* Problem description:
Pictures in the listing should not be copied. Reproduce, word for word, each line from the one holding "Кунжут, Natural Green" through the final line.

+++ Provided entries +++

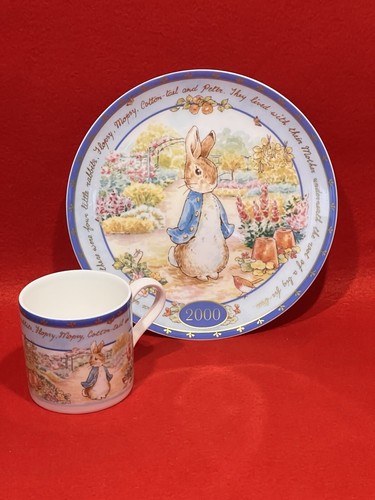 Wedgwood beatrix potter peter - wedgwood,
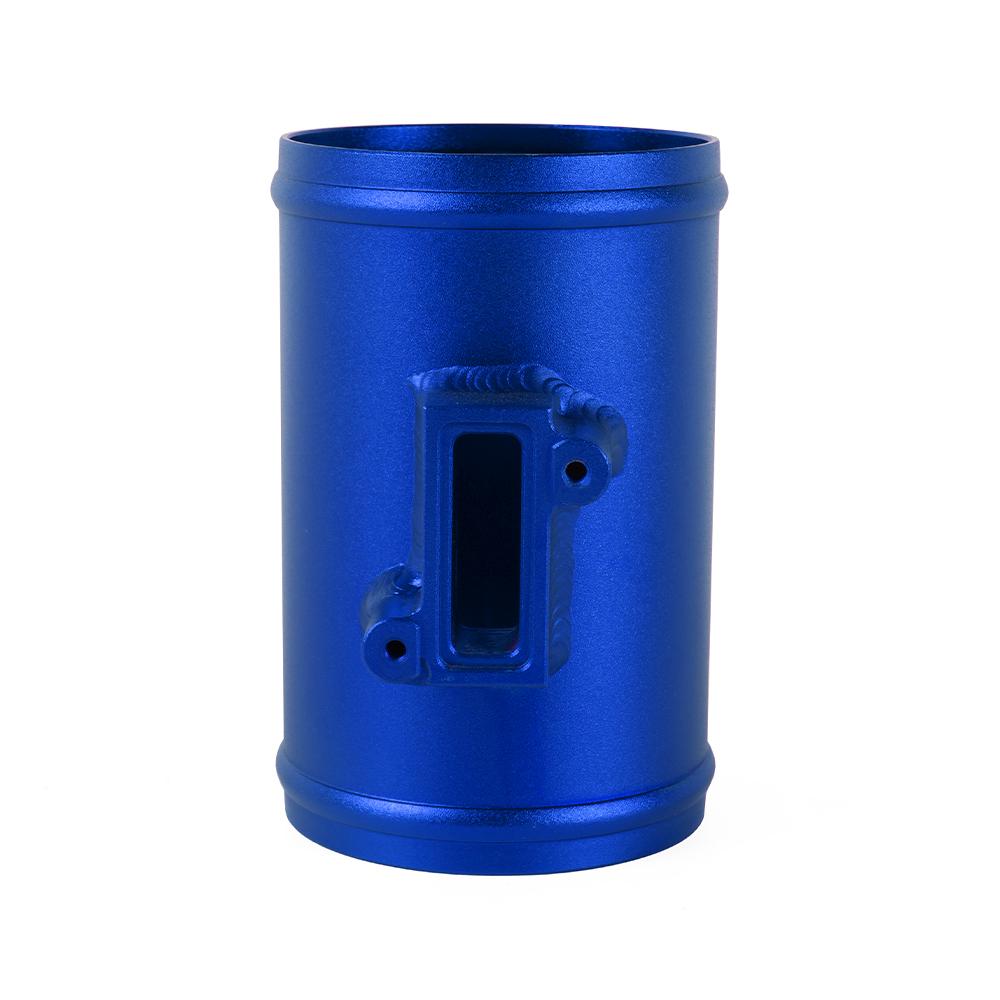 RASTP-Neu 63/70/76mm Luftmassenmesser Halter Ansaugrohr Basis Für VW Nissan Honda Civic Ford MAF Luftansaugrohr Adapter MAF006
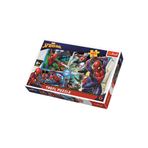 Trefl PUZZLE-15357 Spiderman 160 Parça Puzzle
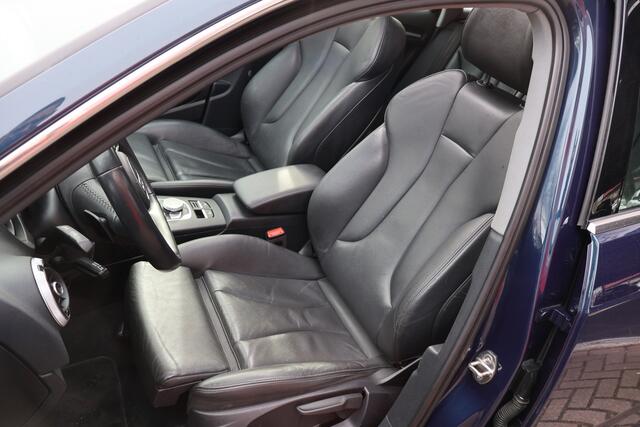 Audi A3 SPORTBACK 40 TFSI e Business edition | 2xS-line | Panoramadak | Leder | Camera | Cruise Control |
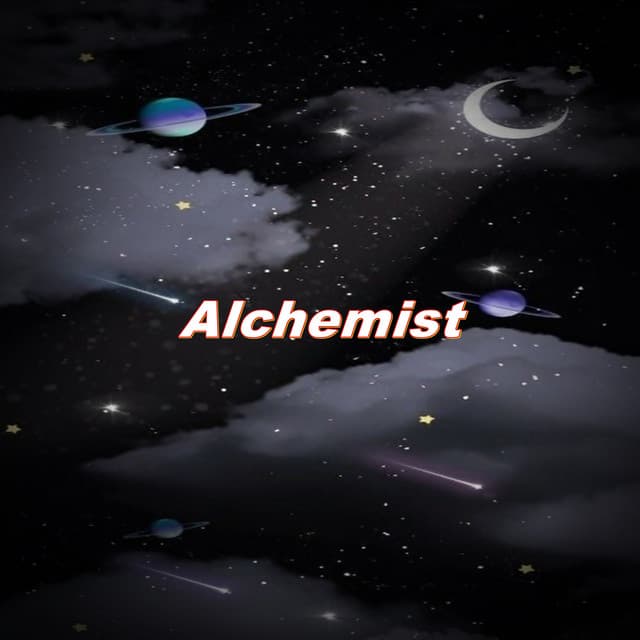 Alchemist - Jonathan Beats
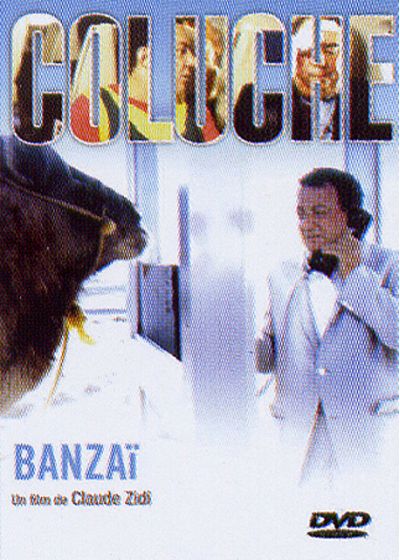 Banzaï - DVD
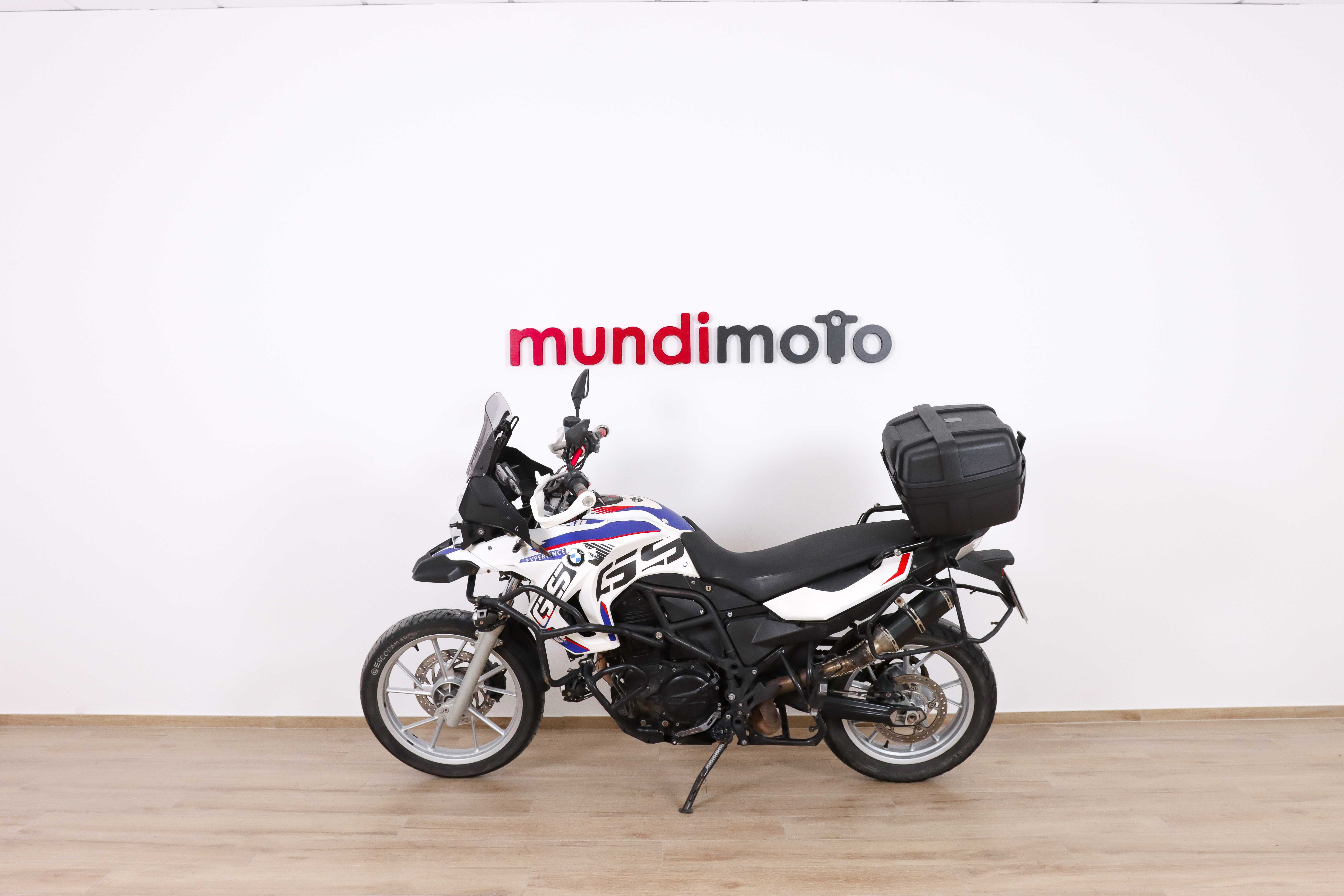 BMW F 650 GS promoBMW6 BMW F 650 GS promoBMW6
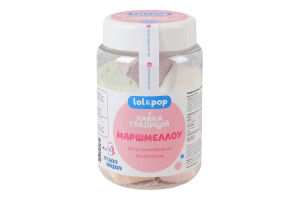 Маршмеллоу ручной работы Lol&Pop п/б 130г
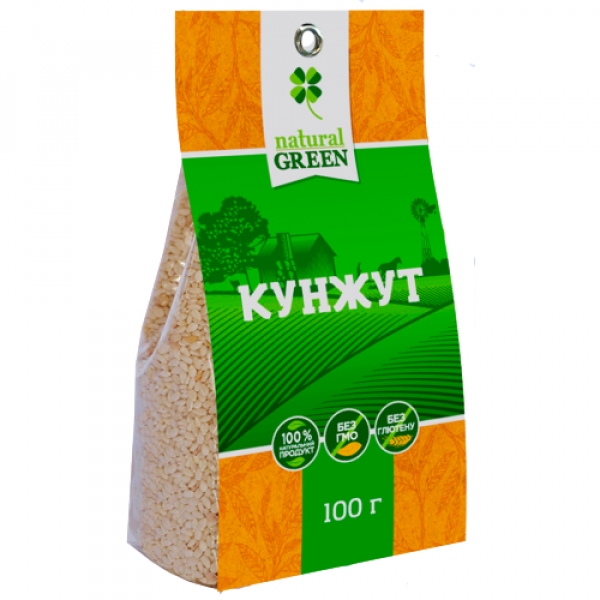 Кунжут, Natural Green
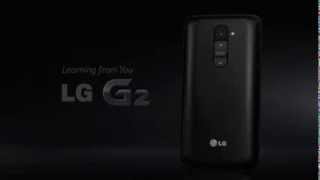 LG G2 Features (Design Movie)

+++

* Output:
 Кунжут, Natural Green
 LG G2 Features (Design Movie)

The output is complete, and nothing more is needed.